# Why does my separated husband hate me one day, and my friend the next?



## bluecupcake24 (Aug 17, 2013)

My husband of five years is so mean to me a lot of days, but then for some weird reason he will be really sweet and nice to me for a day. We are separated and getting divorced. we have not filed anything yet, but he is pushing the divorce. anyway. He has been very mean and controlling to me a lot. but the other day, he called me just to check on me and see how i am doing lately with things. and he seemed genuinely concerned. and he was talking to me and we got to laughing a little like we used too. I just don't get how one day he hates me so much and the next he is acting like my friend. possible, he still thinks of me sometimes and has doubts about the divorce. probably not, but i can't help my thoughts sometimes. and i know i can't take him back even if it happened. because he didn't treat me the best. and i keep going back and forth between hating him and loving him as well.


----------



## JustHer (Mar 12, 2013)

My guess is as good as yours. Maybe he doesn't have any friends and misses the conversations too? Since he was so mean and you know you can't go back there, just carry on and don't worry about it.


----------



## SunnyT (Jun 22, 2011)

Stop talking to him. Done is done... just be done. 

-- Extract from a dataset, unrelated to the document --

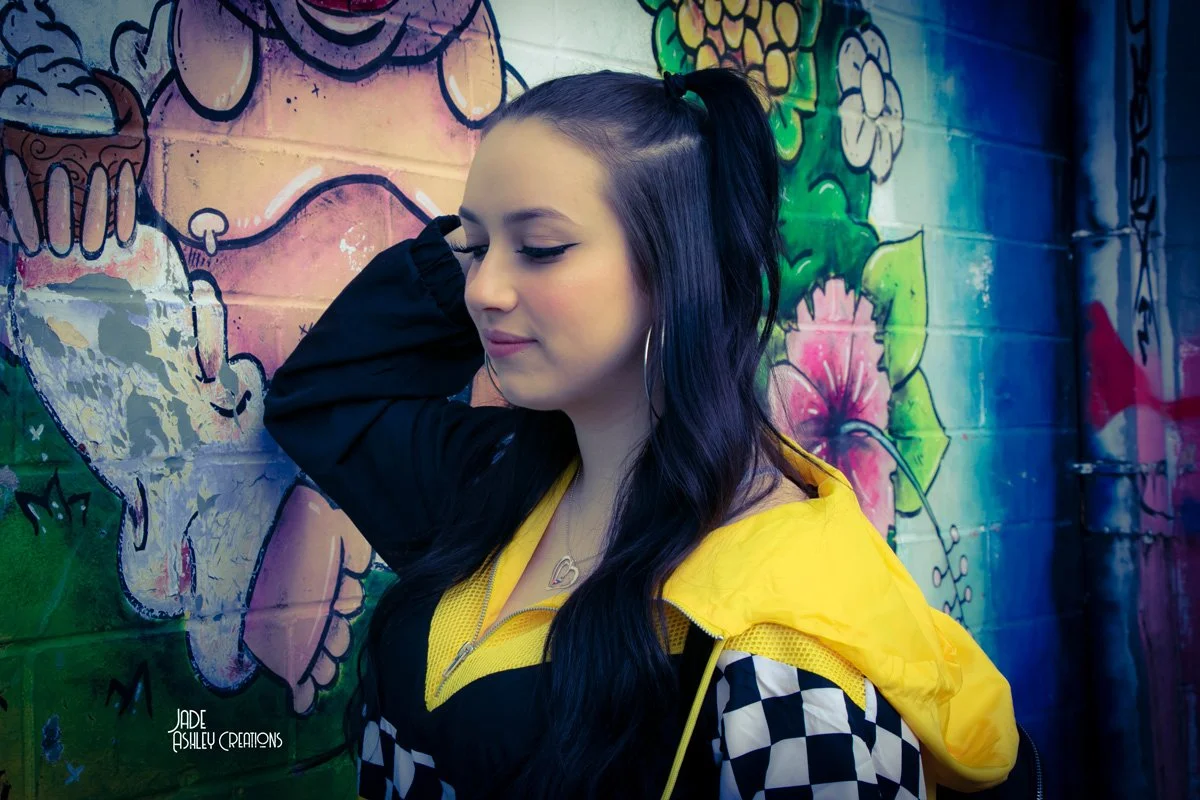 A young woman with long dark hair, partially tied, standing next to a colorful graffiti wall featuring a skull and floral designs, wearing a yellow and black jacket with checkered sleeves, and large hoop earrings.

We don't have to understand why. We only have to figure out our part of it. If it affects you weirdly, then stop it.


----------



## MyHappyPlace (Aug 11, 2013)

bluecupcake24 said:


> and i keep going back and forth between hating him and loving him as well.


THIS. 
you answered your own question right here.


----------



## Anon Pink (Jan 17, 2013)

The cynic in me thinks the nice guy only shows up because he has reminded himself that an amicable divorce is easier than a nasty hate filled divorce. The nice guy is playing you, the mean guy is the real one.


----------



## bandit.45 (Feb 8, 2012)

Why did the two of you divorce?
_Posted via Mobile Device_


----------



## RandomDude (Dec 18, 2010)

http://www.youtube.com/watch?v=aiEOKqr9Ks8

You're hot then your cold...


----------



## Anon Pink (Jan 17, 2013)

bandit.45 said:


> Why did the two of you divorce?
> _Posted via Mobile Device_


Husband decided he needed to live his own life, with as many other women as he saw fit.


----------



## Mavash. (Jan 26, 2012)

Anon Pink said:


> The cynic in me thinks the nice guy only shows up because he has reminded himself that an amicable divorce is easier than a nasty hate filled divorce. The nice guy is playing you, the mean guy is the real one.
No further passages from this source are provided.